Melihat pengalaman negara-negara Eropa Timur pada saat runtuhnya Uni Soviet, yang pecah menjadi serpihan etnis yang saling bertikai, kasus keruntuhan negara-negara multi-etnis di Eropa Timur seharusnya menjadi pelajaran berharga dalam menjaga kesatuan NKRI. Tidak ada lagi etnis yang merasa lebih unggul dari yang lain; semua memiliki hak dan kewajiban yang sama dalam membangun negara ini.

Oleh karena itu, wartawan Indonesia harus bijaksana dalam memilih informasi mana yang dapat dijadikan berita. Tidak semua informasi dapat menjadi berita, meskipun memiliki fakta yang akurat. Pertimbangan yang menghormati keberagaman dan menjaga kesatuan negara harus menjadi panduan media massa dalam melaporkan konflik. Jika fakta ditampilkan tanpa pandang bulu, konflik dapat membesar dan menjadi perang kelompok yang terbuka.

Diperlukan reaktualisasi peran pers Indonesia, di mana kesalahan anggapan bahwa kebebasan pers memberikan dasar bagi wartawan untuk melaporkan apa pun harus diperbaiki.

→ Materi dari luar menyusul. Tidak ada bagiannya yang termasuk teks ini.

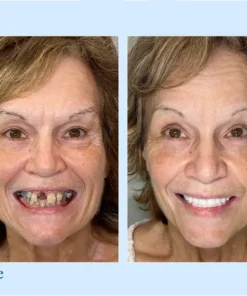 Smileasego™ - Premium Denture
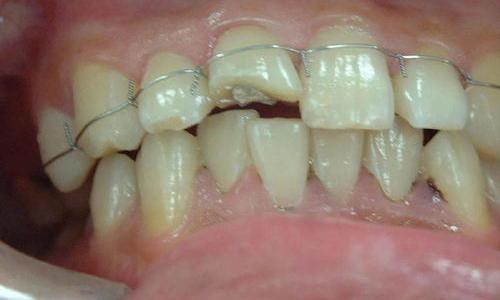 牙齿松动怎么样修复 牙齿松了怎么让它长紧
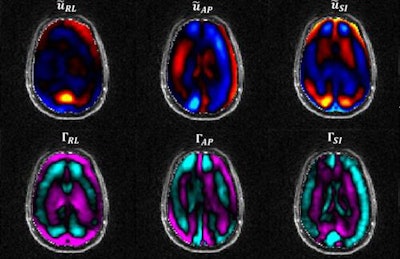 Images show displacement of brain tissue (top row) and changes in shape (bottom row). Courtesy of Bayly Lab and Washington University in St. Louis.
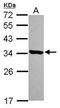 Haloacid Dehalogenase Like Hydrolase Domain Containing 3 antibody, GTX119747, GeneTex, Western Blot image 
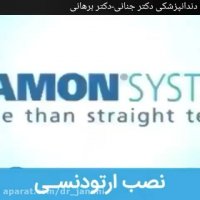 نصب براکت های ارتودنسی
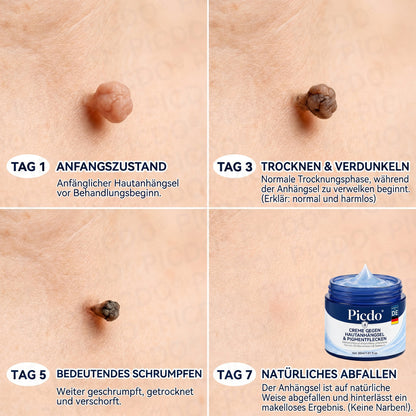 👩‍⚕️🎁𝐏𝐢𝐜𝐝𝐨® 𝟕-𝐓𝐚𝐠𝐞 𝐂𝐫𝐞𝐦𝐞 𝐆𝐞𝐠𝐞𝐧 𝐇𝐚𝐮𝐭𝐚𝐧𝐡ä𝐧𝐠𝐬𝐞𝐥- & 𝐏𝐢𝐠𝐦𝐞𝐧𝐭𝐟𝐥𝐞𝐜𝐤𝐞𝐧 (𝐒𝐜𝐡𝐦𝐞𝐫𝐳𝐟𝐫𝐞𝐢𝐞 𝐅𝐨𝐫𝐦𝐞𝐥 – 𝐨𝐡𝐧𝐞 𝐍𝐚𝐫𝐛𝐞𝐧)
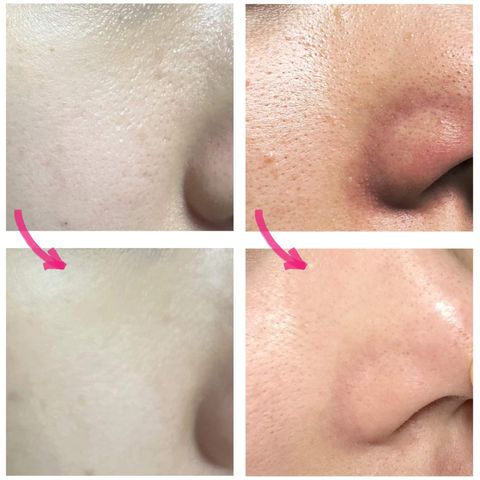 JuzBeauty-JuzBeautyMalaysia-JuzPretty-Authentic-Kbeauty-Malaysia-Skin-Care-Cosmetics-Jbeauty-Health-Care-korean-streetwear-Olive-Young-MEDITHERAPY Porethera Shot Exosome Spicule Serum FREE Device 毛孔藻针精华 美容仪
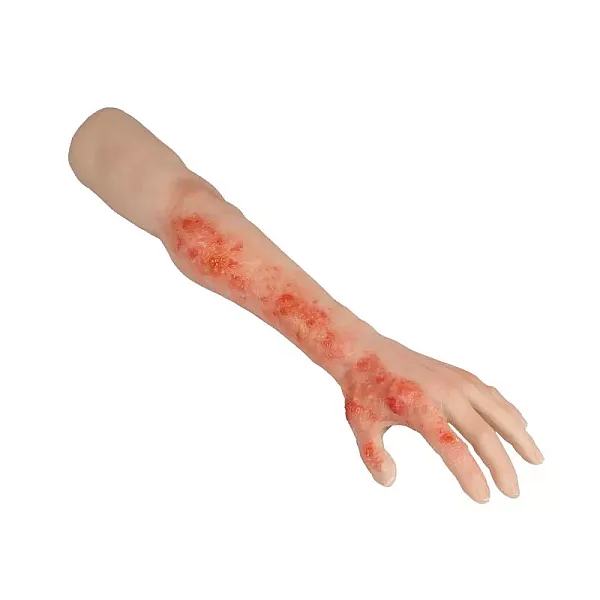 Arm with Burns Task Trainer – Εκπαιδευτικό Μοντέλο Χεριού με Εγκαύματα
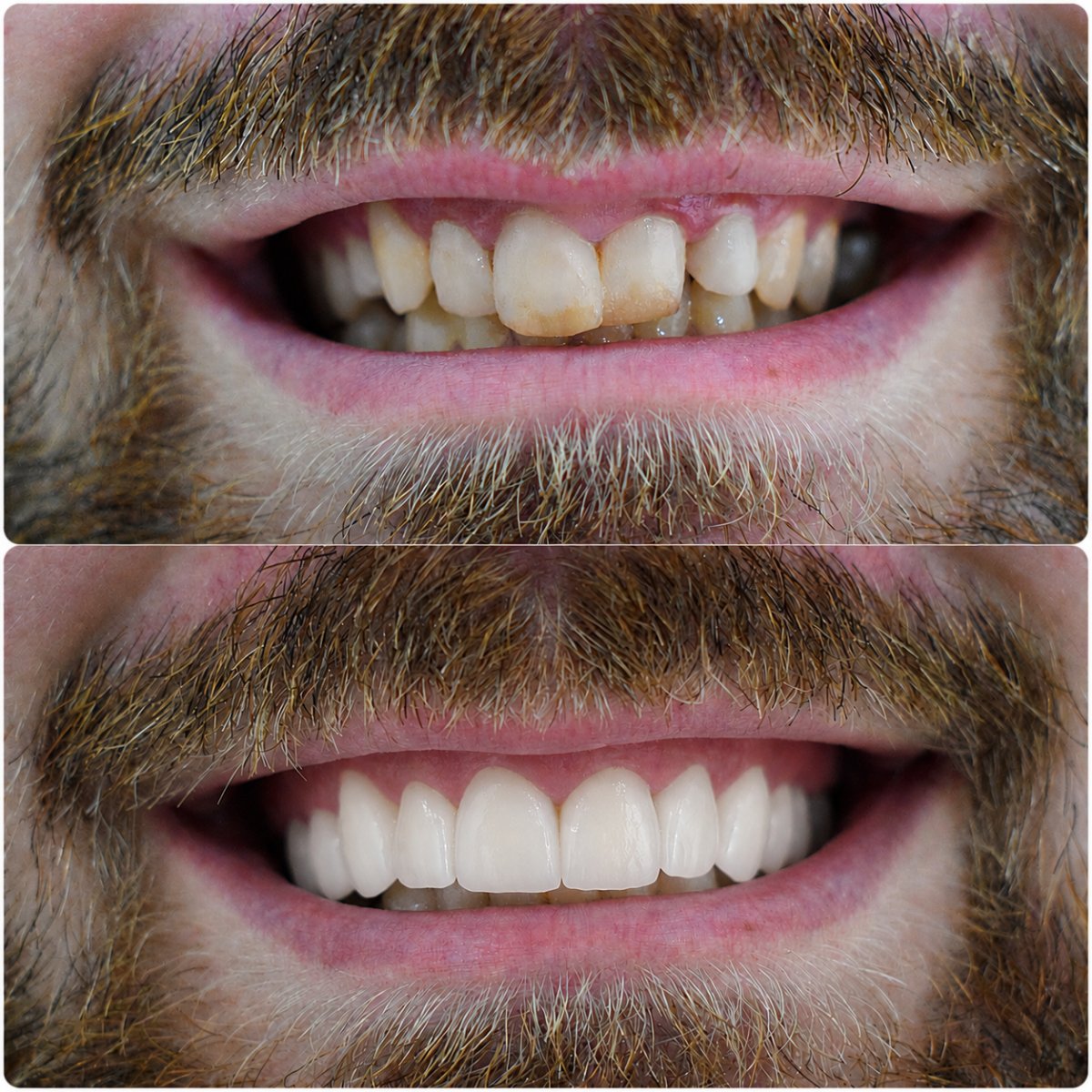 نتائج قبل وبعد تركيب تيجان الزركونيا في عيادة سبانداريشفيلي، تجميل الابتسامة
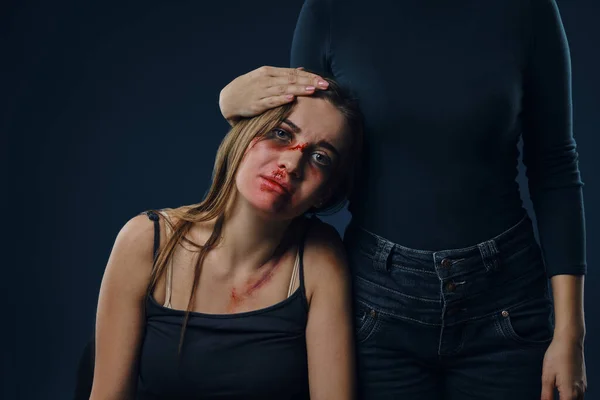 Female in black blouse has put her hand on head of a girl. Victim with bruises on face sitting nearby. Blue background. Domestic violence. Close-up. — 스톡 사진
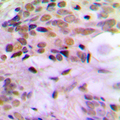 ERCC5 / XPG Antibody - Immunohistochemical analysis of ERCC5 staining in human breast cancer formalin fixed paraffin embedded tissue section. The section was pre-treated using heat mediated antigen retrieval with sodium citrate buffer (pH 6.0). The section was then incubated with the antibody at room temperature and detected using an HRP conjugated compact polymer system. DAB was used as the chromogen. The section was then counterstained with hematoxylin and mounted with DPX.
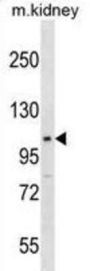 Signal Transducer And Activator of Transcription 2 (Stat2) Antibody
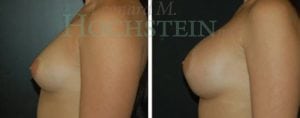 Breast Augmentation Patient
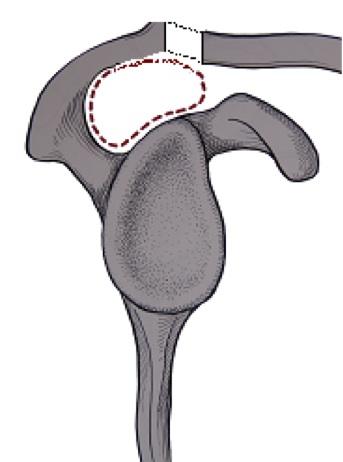 Articulation acromio-claviculaire arthrosique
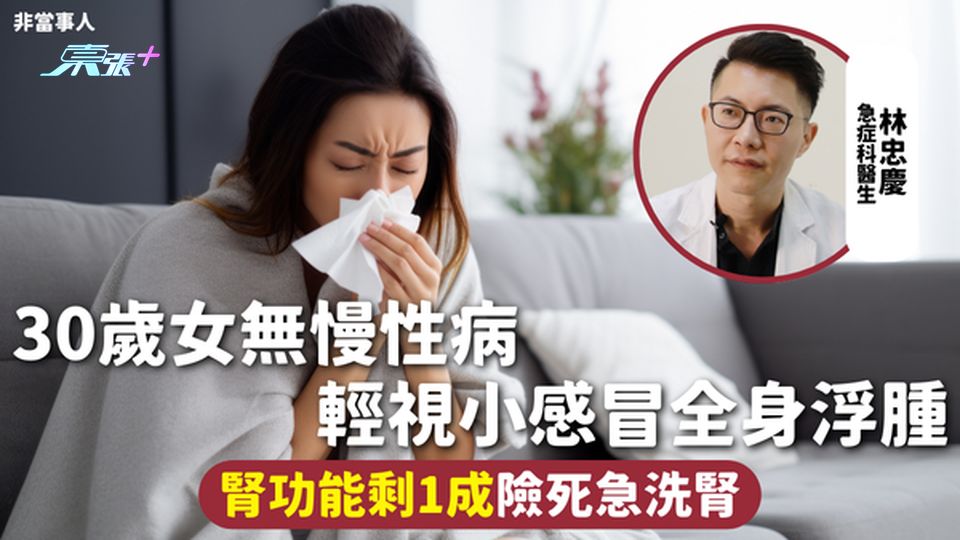 腎臟健康 | 30歲女無慢性病 輕視小感冒全身浮腫 腎功能剩1成險死急洗腎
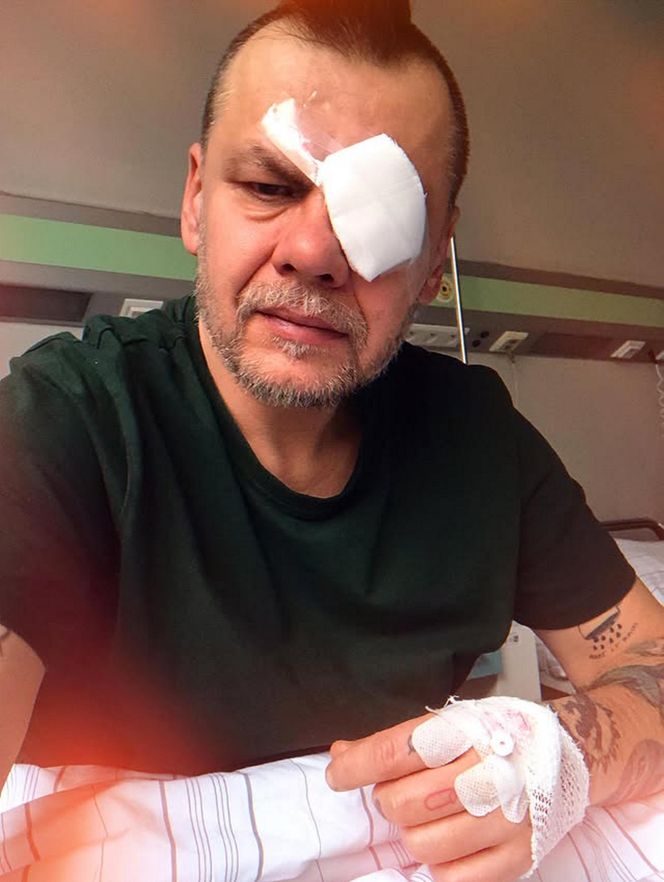 Artur Rawicz miał raka. Prawie stracił oko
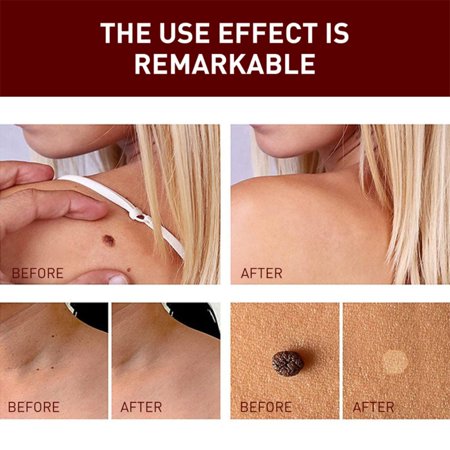 1/2/3pcs Remover Fast Remove All Moles Warts Spots Freckles Anti Foot Corn Removal Warts Papillomas Rapidly Removes Moles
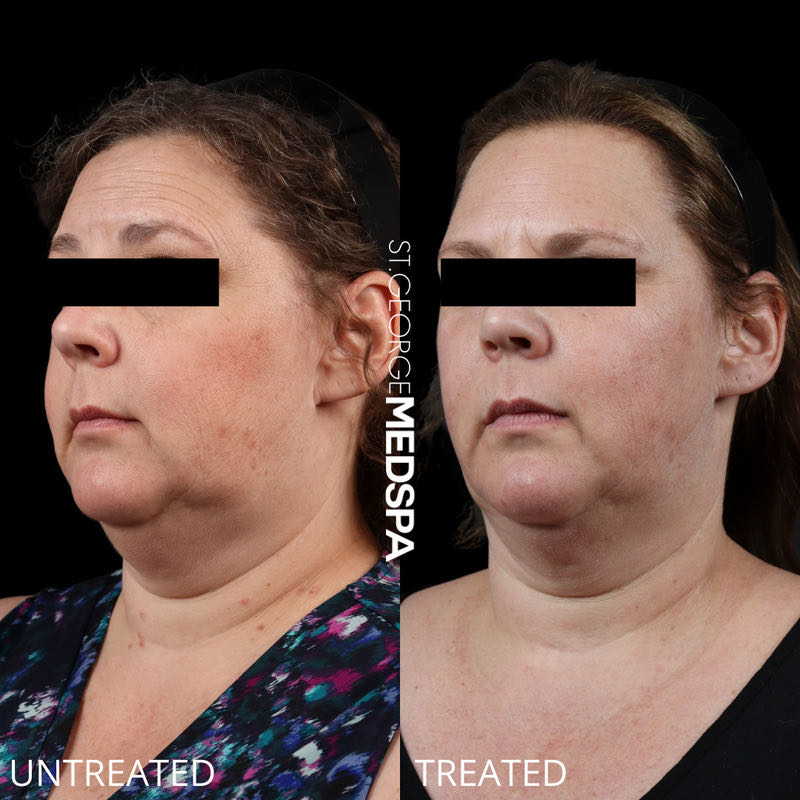 Fat Dissolving Before & After Image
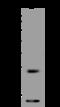 Stefin-B antibody, 200660-T44, Sino Biological, Western Blot image 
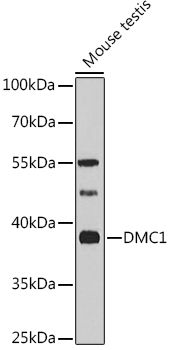 DMC1 Rabbit polyclonal antibody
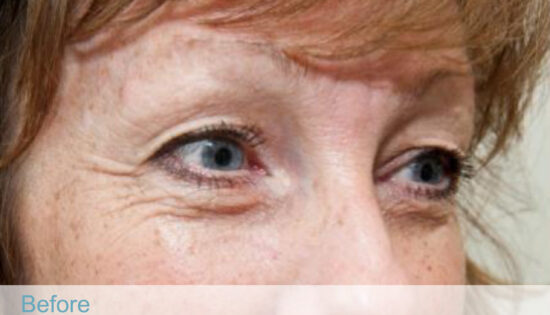 BTL exilis 360 - Face-09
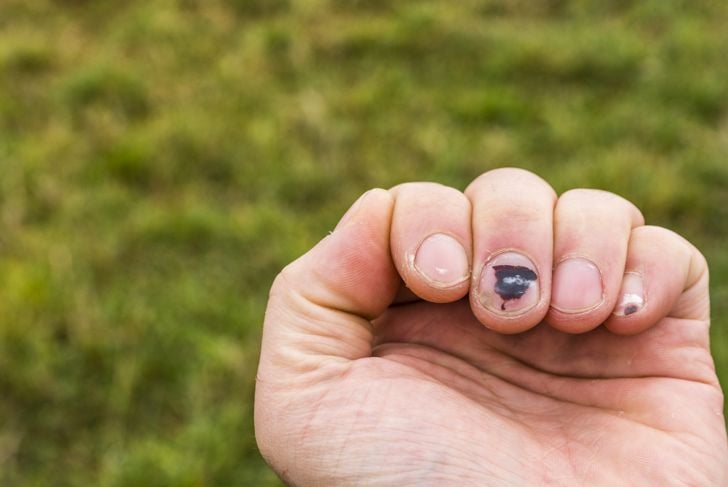 10 cose inquietanti che le unghie rivelano sulla vostra salute 7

Anggapan bahwa masyarakat sudah cerdas dan dapat memilah berita yang benar dan yang salah adalah salah. Peran pers seharusnya adalah untuk meredakan konflik, bukan memperhebatnya.***

Eka Putra ST MSc adalah Dosen tetap Fakultas Ilmu Komunikasi Universitas Muhammadiyah Riau yang juga seorang wartawan. Saat ini penulis berdomisili di Pekanbaru.